Top of DATA SECTION
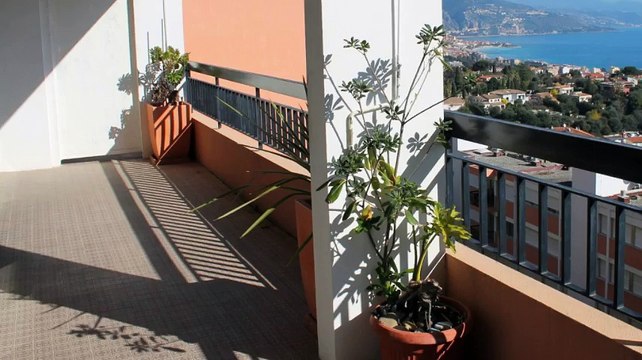 A vendre - appartement - Roquebrune Cap Martin (06190) - 2 pièces - 53m²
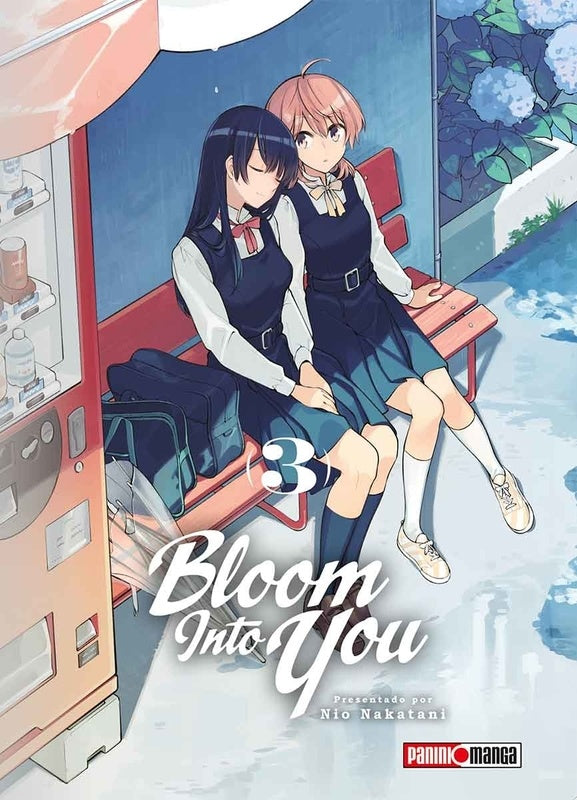 BLOOM INTO YOU 3..
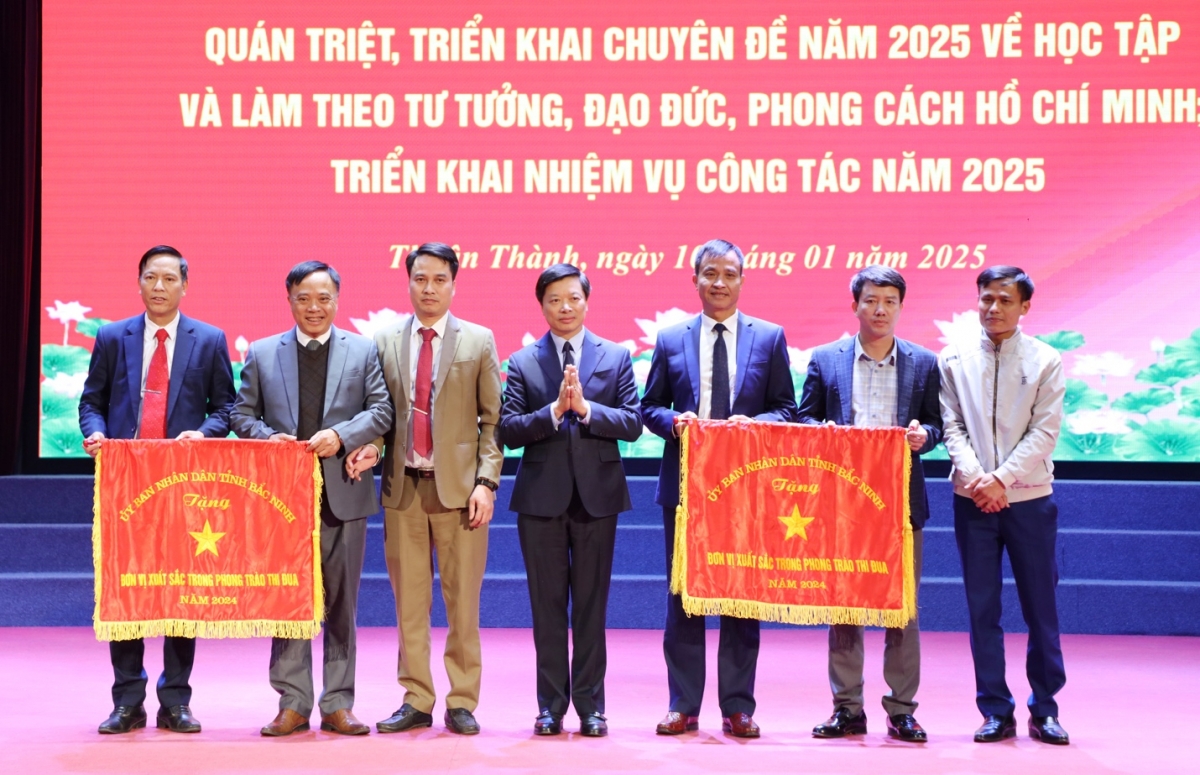 Đổi mới tư duy, hướng tới mục tiêu đưa Thuận Thành trở thành thành phố vào năm 2028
Bottom of DATA SECTION
» **THE TASK**:
This task calls for restating, word for word, each line from the line holding "BLOOM INTO YOU 3.." through the end of the material, pictures left out.

» **RESPONSE AREA**:
 BLOOM INTO YOU 3..
 Đổi mới tư duy, hướng tới mục tiêu đưa Thuận Thành trở thành thành phố vào năm 2028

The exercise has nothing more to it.